Read the full AI on Trial: The Burden of Proof series

Frequently Asked Questions

What evidence does the FCA require for AI agent deployment in financial services? The FCA requires five categories of evidence: a pre-deployment risk assessment against the four Consumer Duty outcomes, named senior manager accountability under SMCR, real-time monitoring with documented intervention thresholds, audit trails at the interaction level (not sampled), and third-party and operational resilience documentation where the AI is vendor-provided.

Does the FCA have specific rules for AI in financial services? No. The FCA has chosen not to publish a bespoke AI rulebook. Its position is that existing rules, including Consumer Duty, SMCR, operational resilience, and the Principles for Businesses, apply to AI systems the same way they apply to any other regulated activity. The regulator expects firms to evidence compliance against the existing framework.
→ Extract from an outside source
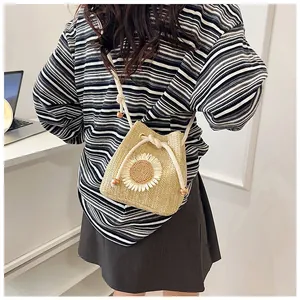Detail of straw bucket bag with sunflower embroidery and woven drawstring closure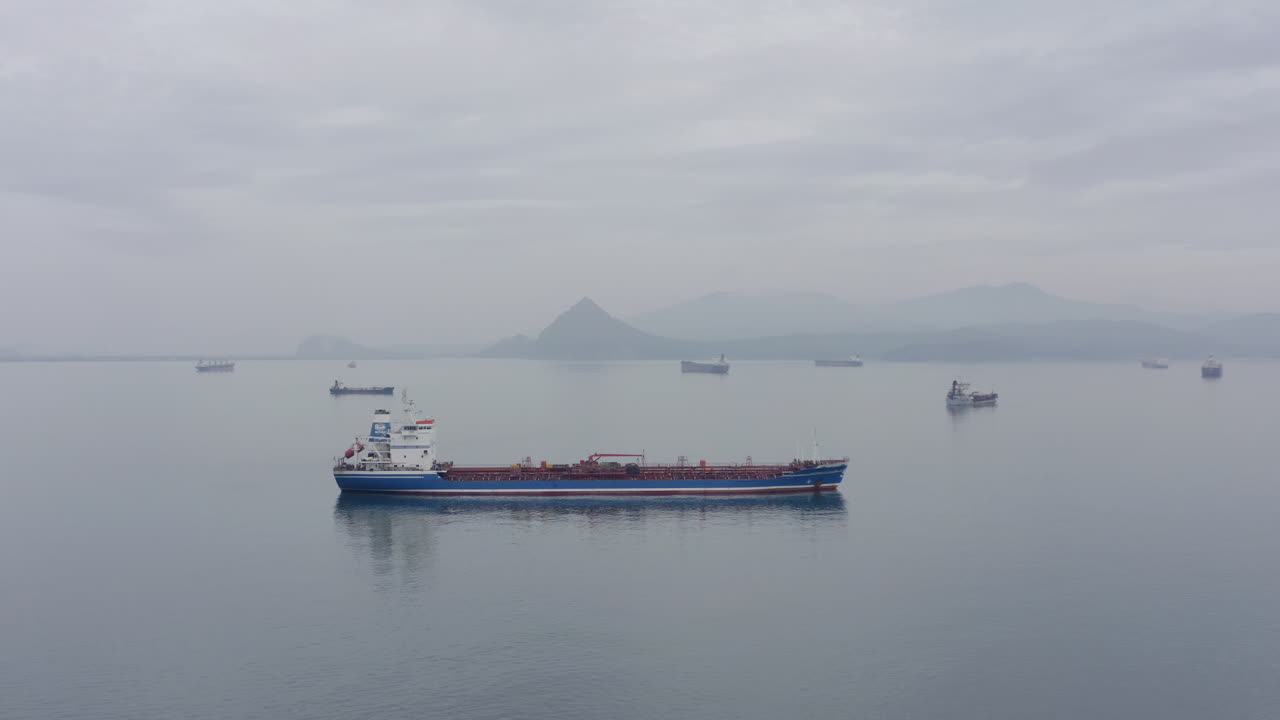 흐린 날 먼 거리에 산등성이가 있는 고요한 날씨에 정박지 대기 지역에 있는 배들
Who is accountable when an AI agent makes a poor decision in a regulated firm? The named senior manager under SMCR remains accountable. SMCR Senior Manager Conduct Rule 2 requires named individuals to take reasonable steps to ensure their business is controlled effectively. The FCA has confirmed this applies to AI systems. Delegating a decision to an algorithm does not transfer the liability to the algorithm or the vendor.

Is sampling-based QA acceptable for AI agent oversight? No. Sampling 2-3% of cases works for human-led interactions because human variability is bounded. AI agents making thousands of decisions a day require continuous, interaction-level monitoring. The Bank of England’s February 2026 industry roundtables noted that firms’ traditional model risk management approach to validation will not be sustainable as generative AI and agentic systems proliferate, and that the human-in-the-loop concept is itself being challenged by agentic AI.

What is a Consumer Duty AI evidence pack? A Consumer Duty AI evidence pack is the set of documents a firm needs to demonstrate that its AI deployment delivers good outcomes against the four Consumer Duty outcomes: products and services, price and value, consumer understanding, consumer support. It includes pre-deployment impact assessment, ongoing monitoring records, intervention logs, and outcome data.

Does the EU AI Act apply to UK financial services firms? The EU AI Act applies to UK firms that serve EU customers or have EU regulatory exposure, particularly in credit scoring and insurance pricing. The binding compliance deadline for high-risk AI systems is 2 August 2026, though a proposed Digital Omnibus amendment may delay parts of this to late 2027. Requirements include full technical documentation, automatic decision logs, and human oversight provisions.